Spurred forward by these results, the Company moved to lock up all the property with prospects along the Longford-Down Massif. The company now holds exploration licences covering approximately 1,500 square kilometres of ground.
The Company is investigating several priority zones along the Massif and the company is intersecting rock yielding high gold grades over potentially mineable widths. The company believes that further work in these regions could yield several multi-million ounce gold deposits.
The Company’s initial delineation drilling has establishes and inferred resource totalling about 500,000 ounces of gold at Tullybuck-Lisglassan, Clontibret. This is encouraging, as drilling has tested just a small part of the larger Clontibret target, with comparable exploration potential.
Conroy Diamonds and Gold offers investors an opportunity to participate in the exploration and development of its newly discovered Irish gold province.

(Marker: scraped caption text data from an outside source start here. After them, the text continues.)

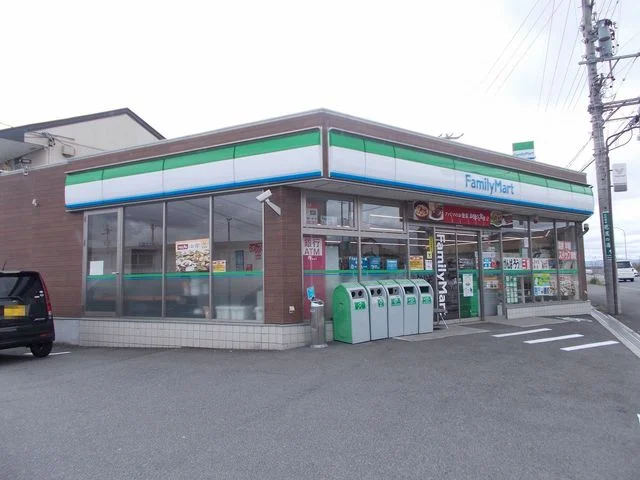 ファミマ友生インター店様まで100m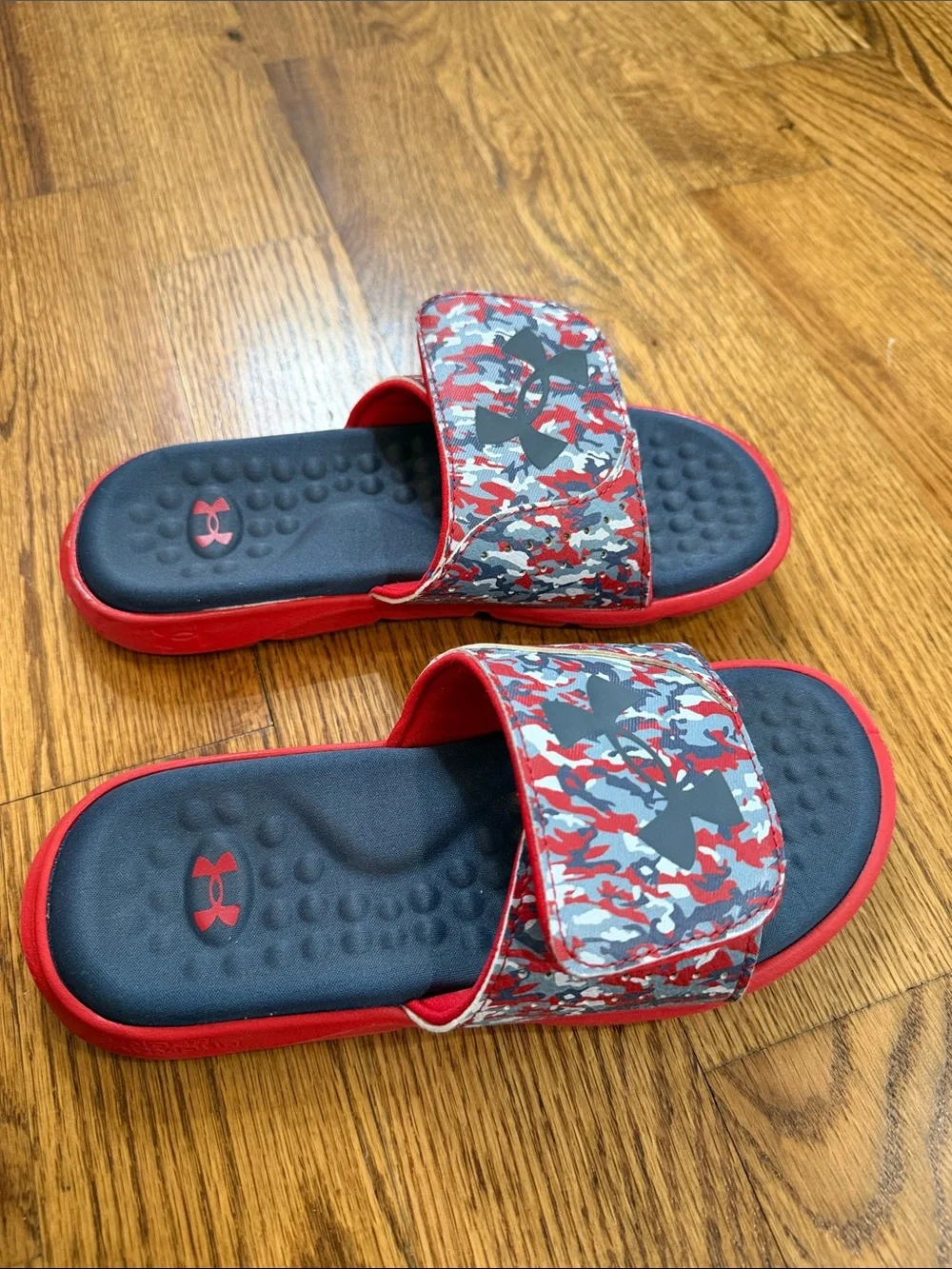 Boy’s Under Armour Flip Flops. Size 3Y. Excellent Condition.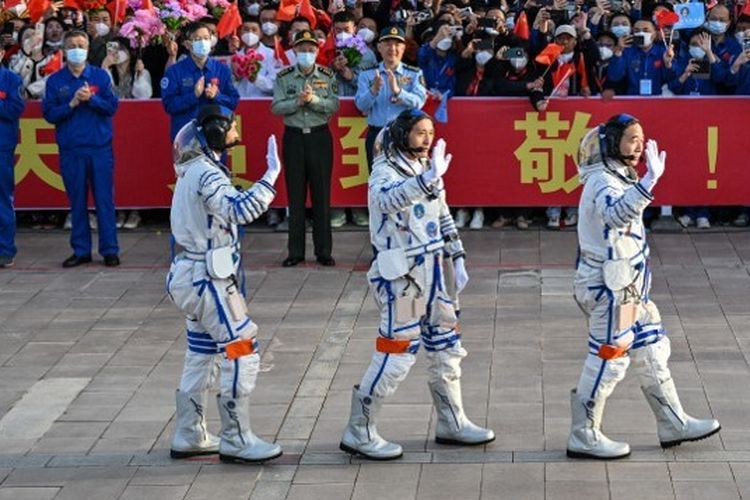Tiga astronot China yaitu Jing Haipeng (kanan), Zhu Yangzhu (tengah), dan Gui Haichao (kiri) melambaikan tangan sebelum menaiki roket Long March-2F yang membawa pesawat luar angkasa Shenzhou-16 untuk misi berawak. Peluncuran dilakukan di Jiuquan Satellite Launch Centre, Provinsi Gansu, China, 30 Mei 2023.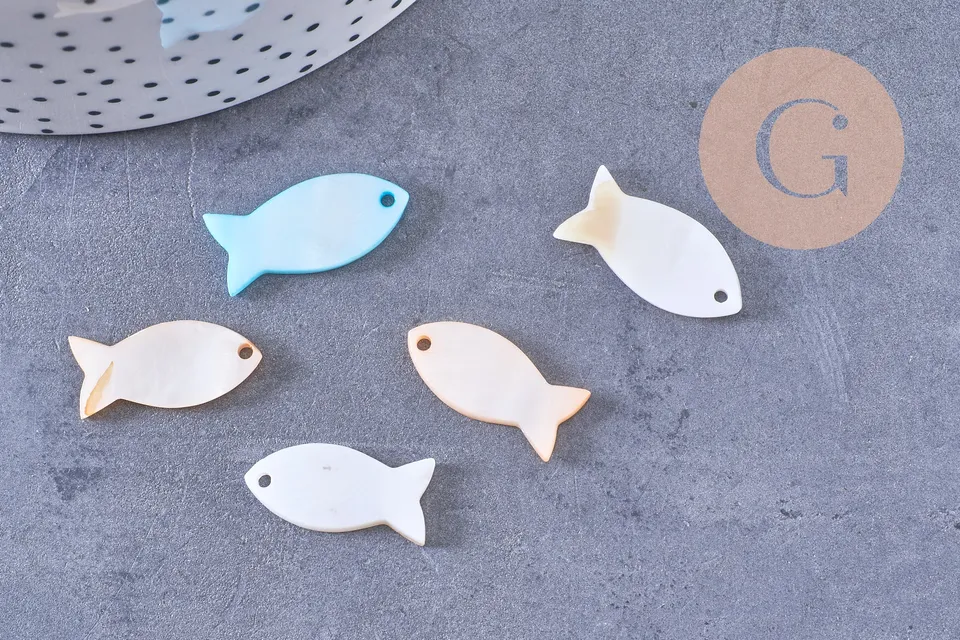 Gingerlily pendentif poisson nacre multicolore 19-24mm x5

The Company began pursuing gold in the Clontibret area in the mid-1990s, based on historical information on the presence of gold in an old antimony mine in the area. The occurrence of gold with stibnite was first recognised in the 1950s. At an early stage the company recognised the wider gold potential of the entire Longford-Down Massif in north-central Ireland in which Clontibret is located.

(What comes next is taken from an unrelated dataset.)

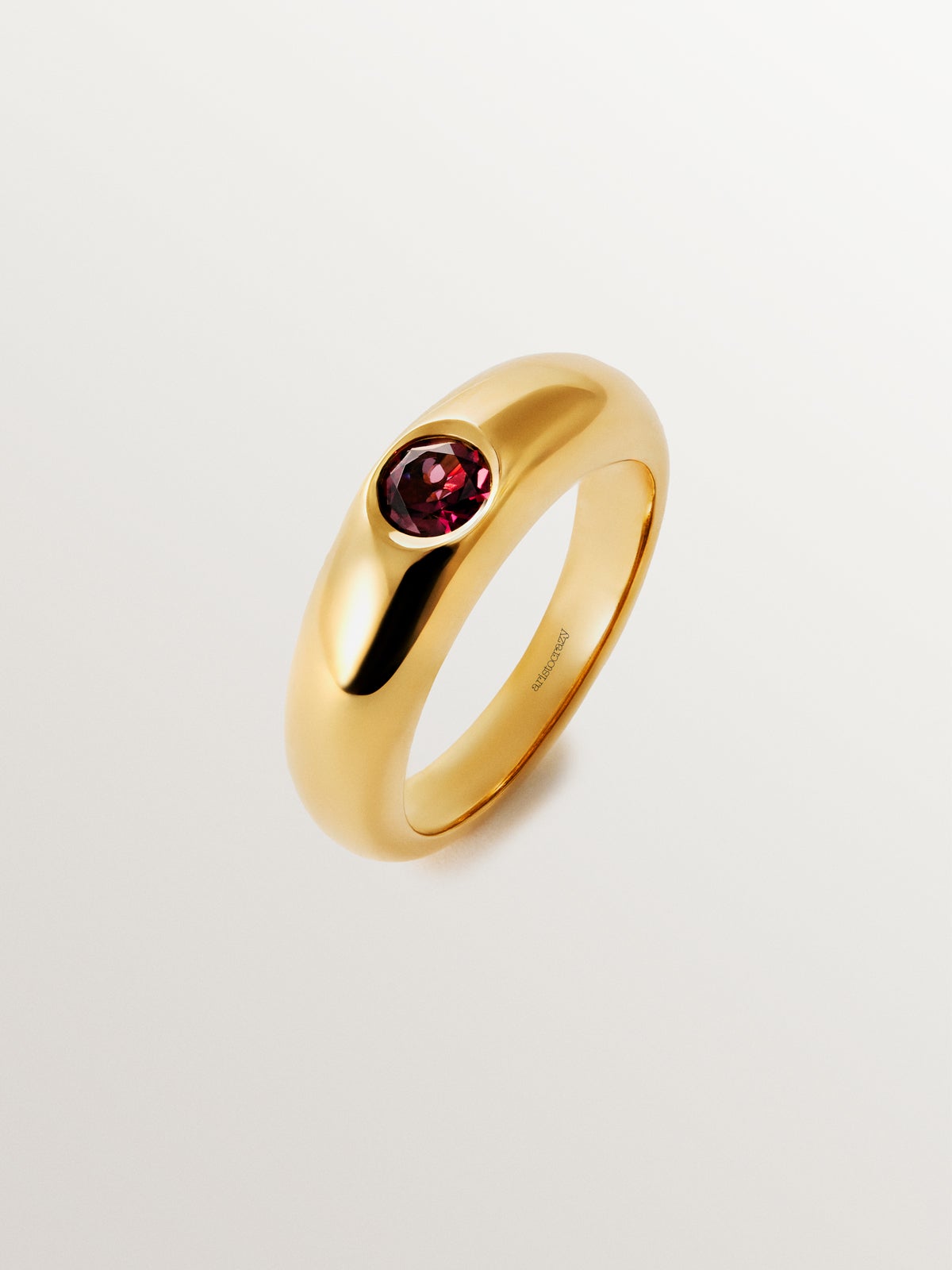 Anillo de plata 925 bañada en oro amarillo de 18K con rodolita roja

The Company’s exploration programmes over the past decade have been producing gold finds along more than fifty kilometres of the 115 kilometre, northeasterly-trending Longford-Down Massif. The company has demonstrated the potential of the structure through a combination of soil geochemistry and geophysics, as well as drilling and trenching to obtain samples. Several resulting gold anomalies now require further evaluation.
Unlike many gold explores, Conroy did not suspend its exploration programmes in the late 1990s, choosing instead to press on with its work on the Longford-Down Massif in anticipation of a new bull market. This put the company’s programme ahead of that of many of its peers.
The price of gold rose above US$600 per ounce last autumn and despite recent falls is still over US$650. The outlook remains buoyant despite a doubling in price over the past five years.
Professor Richard Conroy
Chairman
The Company acquired gold prospects in Finland’s Central Lapland Greenstone Belt last year for €1m, and the purchase price included an extensive exploration database. The company’s first explorations in the area produced anomalies of gold and nickel that warrant further work.
The principal officers of Conroy previously ran Conroy Petroleum and Natural Resources, which later became ARCON International Resources. It discovered and developed a base metal deposit at Galmoy, which is now a major producer of zinc. The company was also part of consortium that discovered the Pogo gold deposit in Alaska, which Teck Cominco Ltd subsequently developed.